In deze zaak, die zich afspeelt in Lelystad, hebben twee buren, aangeduid als eisers en gedaagden, een geschil over de hoogte van een schutting en de beplanting in hun voortuinen. Tijdens een comparitie hebben partijen een schikking bereikt, waarbij gedaagden zich verplichtten om de schutting te verlagen en de beplanting te beheren. Echter, na de schikking heeft gedaagde meer gedaan dan overeengekomen, door ook het tweede schuttingpaneel te verlagen en de beplanting te verwijderen.

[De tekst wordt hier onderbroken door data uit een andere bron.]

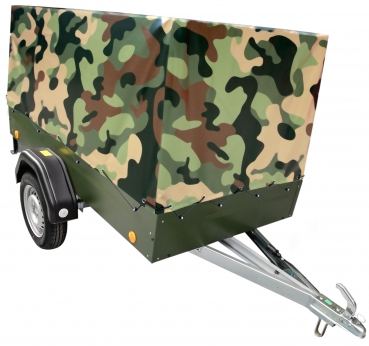 PKW Anhänger Böckmann TPV TL-EU2-Pulver Pink/Camo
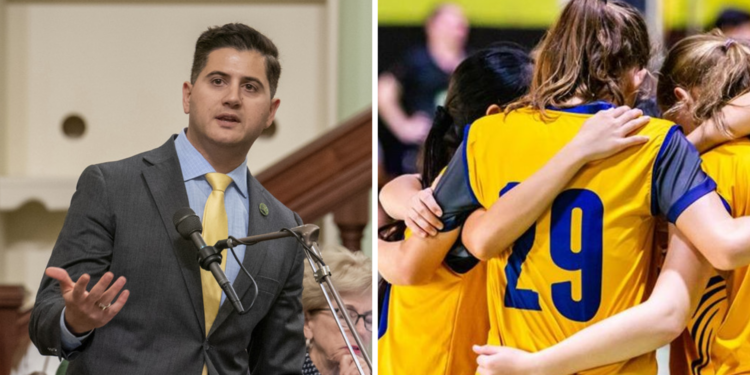 Assemblyman Essayli Fights with CA Dems for Fairness in Women’s Locker Rooms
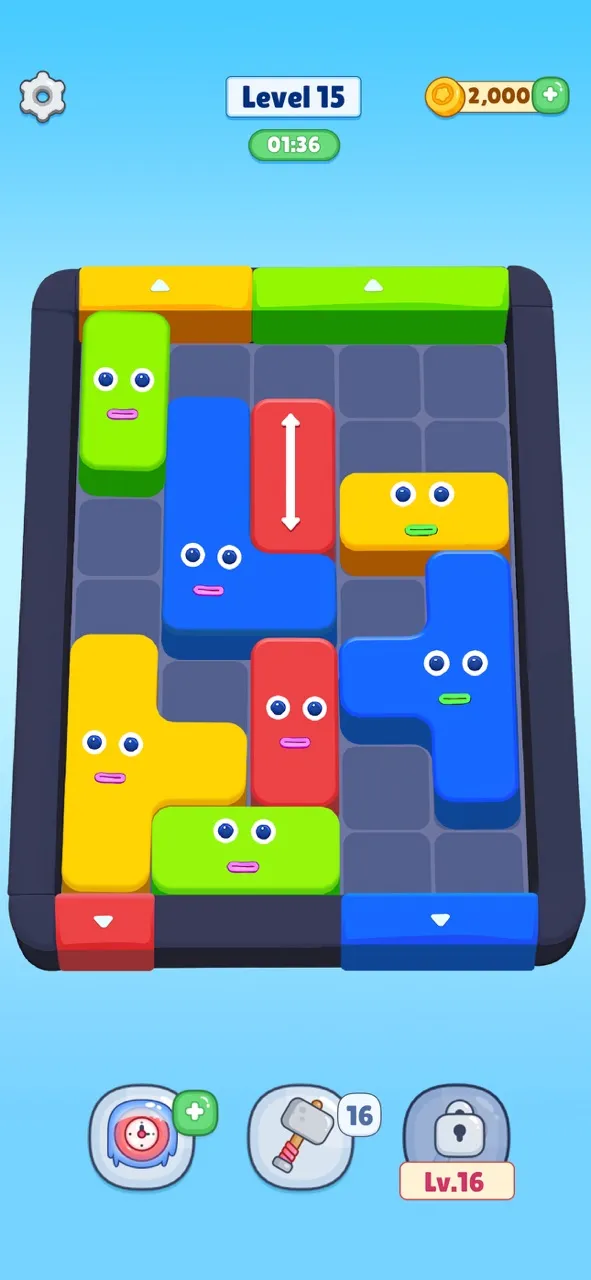 Block Slide: Color Challenge | Permainan | XWorld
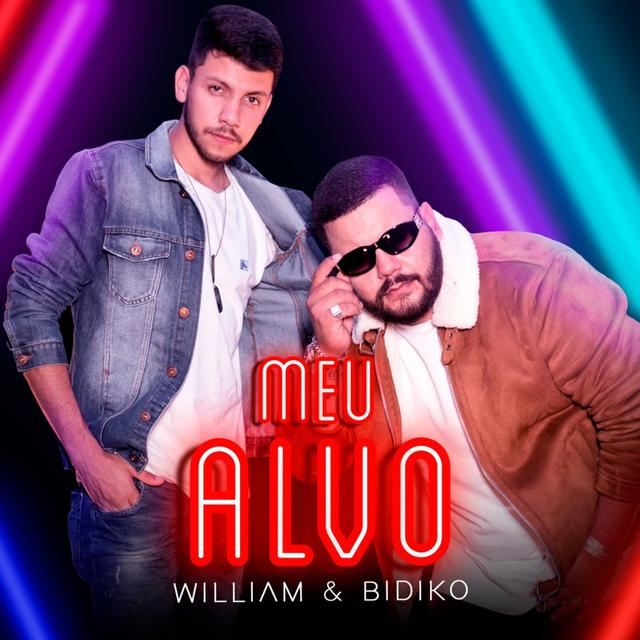 Album cover art for Meu Alvo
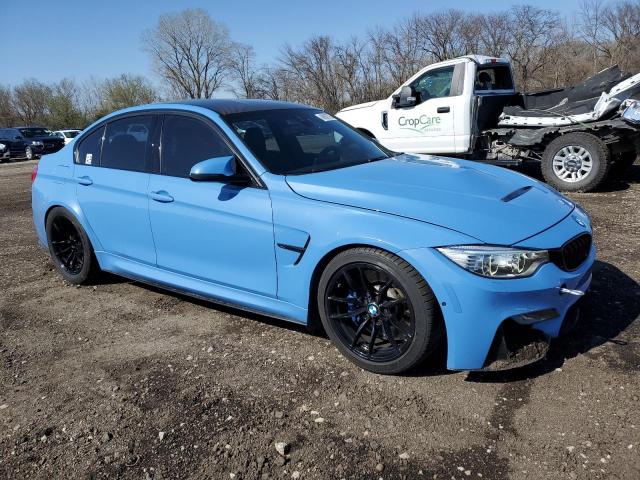Photo 4 from auction – 2015 BMW M3 with VIN WBS3C9C5XFJ276195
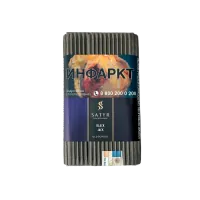 Табак Satyr 100г Black Jack М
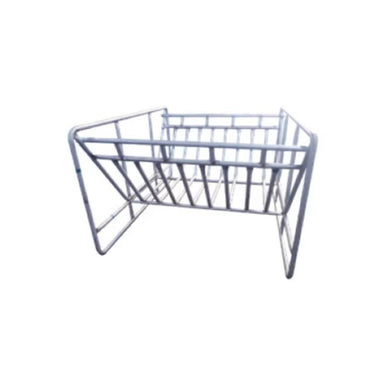 Brazzen Round Bale Sheep Cradle Feeder full view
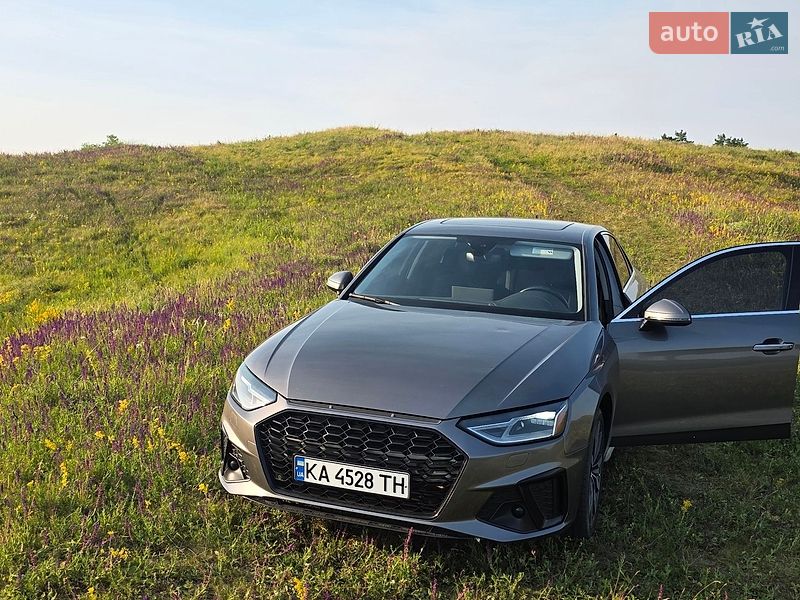 Седан Audi A4 2021 в Киеве фото 11 Седан Audi A4 2021 в Киеве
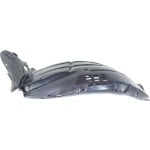 Front Fender Liner, Left (Driver), Front Section for Infiniti FX35 2003-2005, Replacement
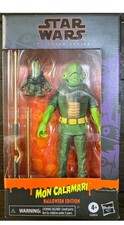 Star Wars The Black Series Mon Calamari  Halloween Edition  Action Figure   New
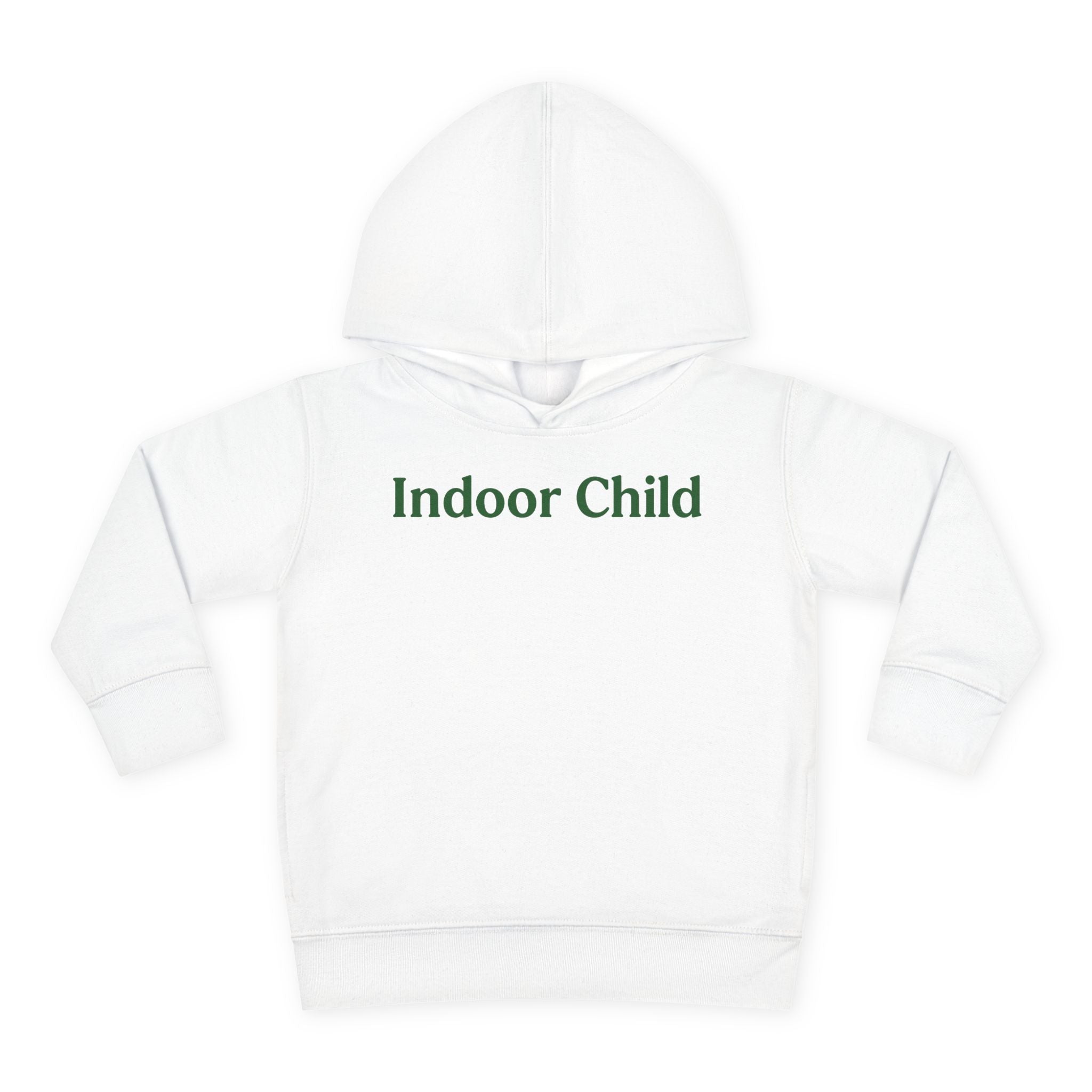 The Indoor Living Collection for Toddlers - Unisex hoodie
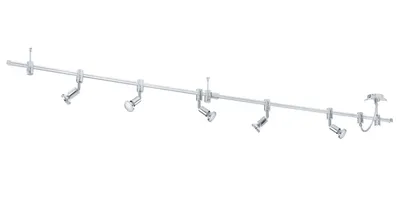 Zdjęcie produktu dla EGLO Vilanova, Powierzchniowe spot oświetlenie, GU10, 6 W, 3000 K, 240 lm, Aluminium, Chrom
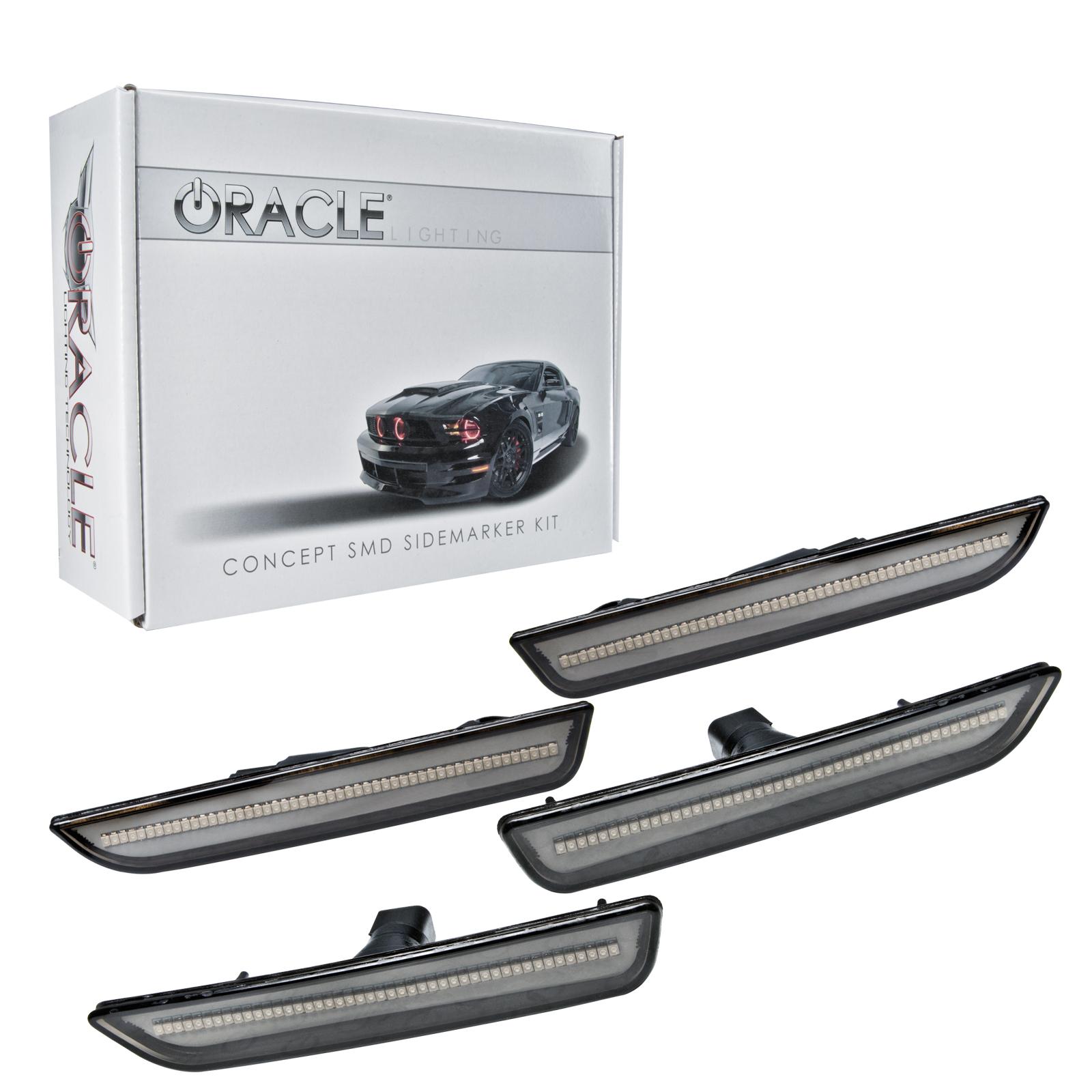 Oracle Lighting Concept Sidemarker Set, Tinted - No Paint (2010-2014 Mustang) - 9700-020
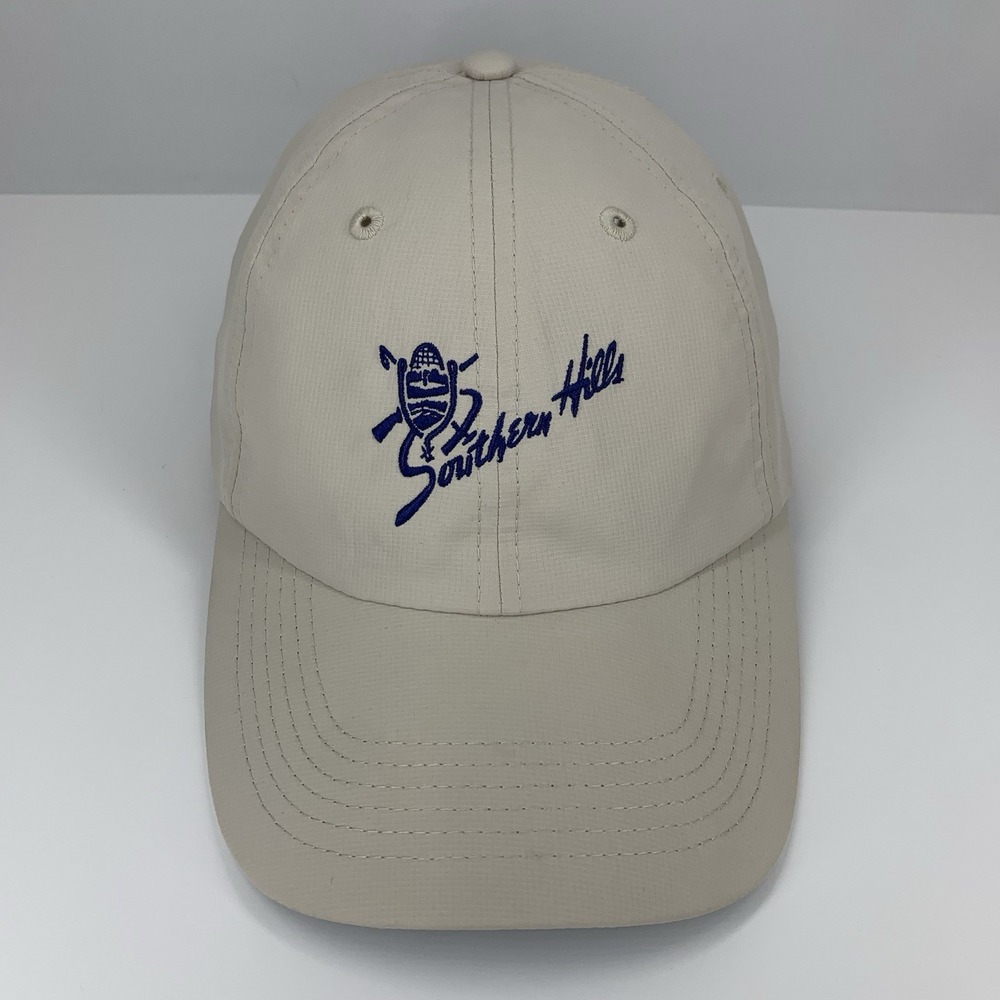 Southern Hills Country Club Hat Tulsa Oklahoma Golf Beige Imperial Baseball Cap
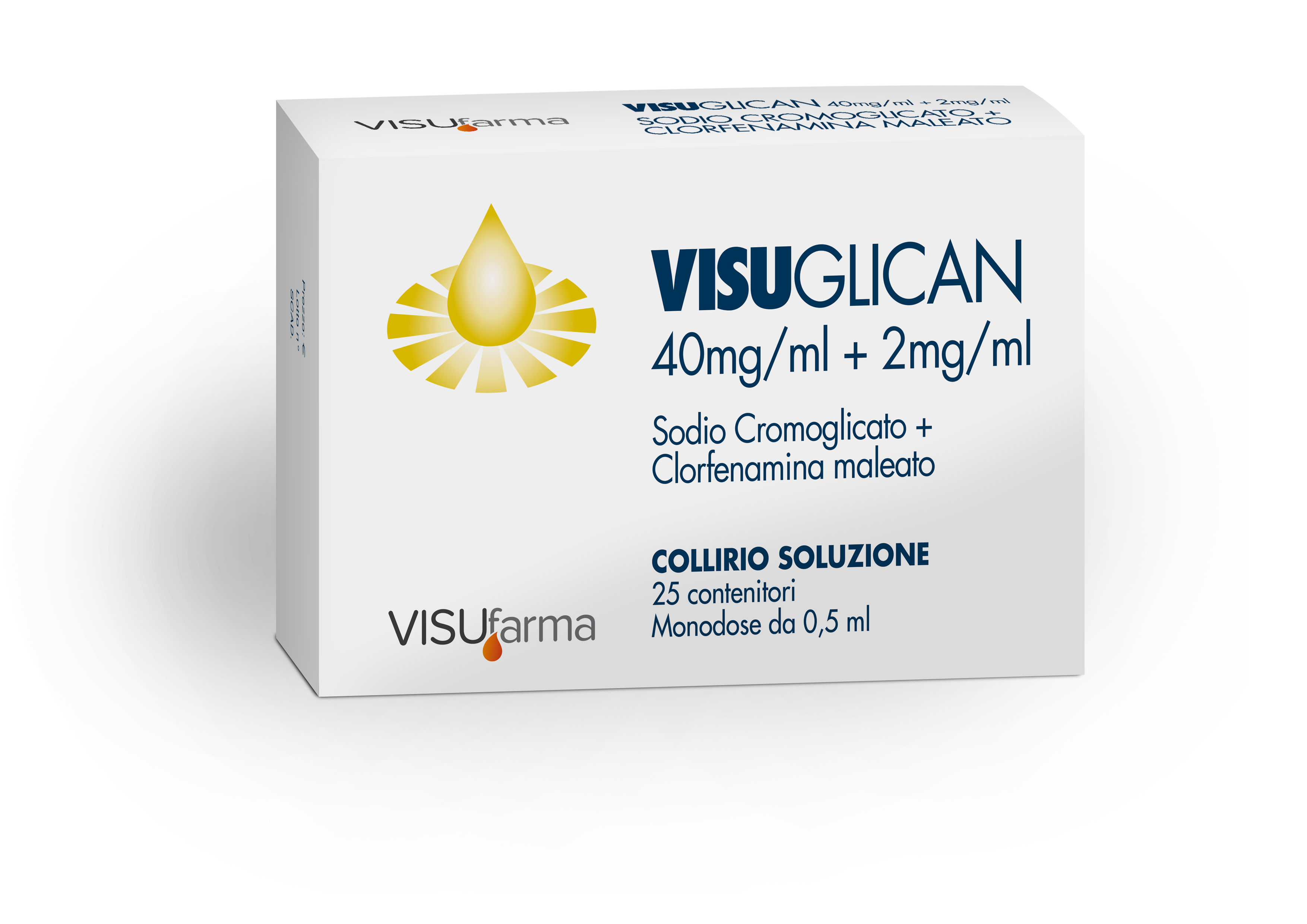 VISUGLICAN*COLL 25D 40+2MG/ML - Farmafamily.it
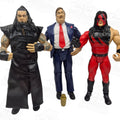 WWE JAKKS PACIFIC CLASSIC SUPERSTARS UNDERTAKER/KANE/PAUL BEARER 3-PACK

Eisers vorderen nu een dwangsom van € 2.500,00 voor elke dag dat gedaagden niet voldoen aan de voorwaarden van de schikking, omdat zij vrezen dat gedaagden in de toekomst de situatie zullen wijzigen.
De rechtbank overweegt dat de vordering tot betaling van een dwangsom niet kan worden toegewezen, omdat gedaagden al meer hebben gedaan dan zij verplicht waren op basis van de schikking. De rechtbank wijst erop dat de vordering tot betaling van een dwangsom een indirect executiemiddel is en dat de toezegging van gedaagden om de situatie niet te wijzigen voldoende is om de vordering af te wijzen. De rechtbank laat in het midden of de vordering tot betaling van een dwangsom als hoofdvordering moet worden aangemerkt, maar concludeert dat eisers geen voldoende belang meer hebben bij de gevorderde verwijdering van de schutting en beplanting.
De rechtbank compenseert de proceskosten, wat betekent dat iedere partij zijn eigen kosten draagt. Dit vonnis is uitgesproken door mr. M.C.P. de Ridder op 10 december 2014, en de vordering van eisers is afgewezen.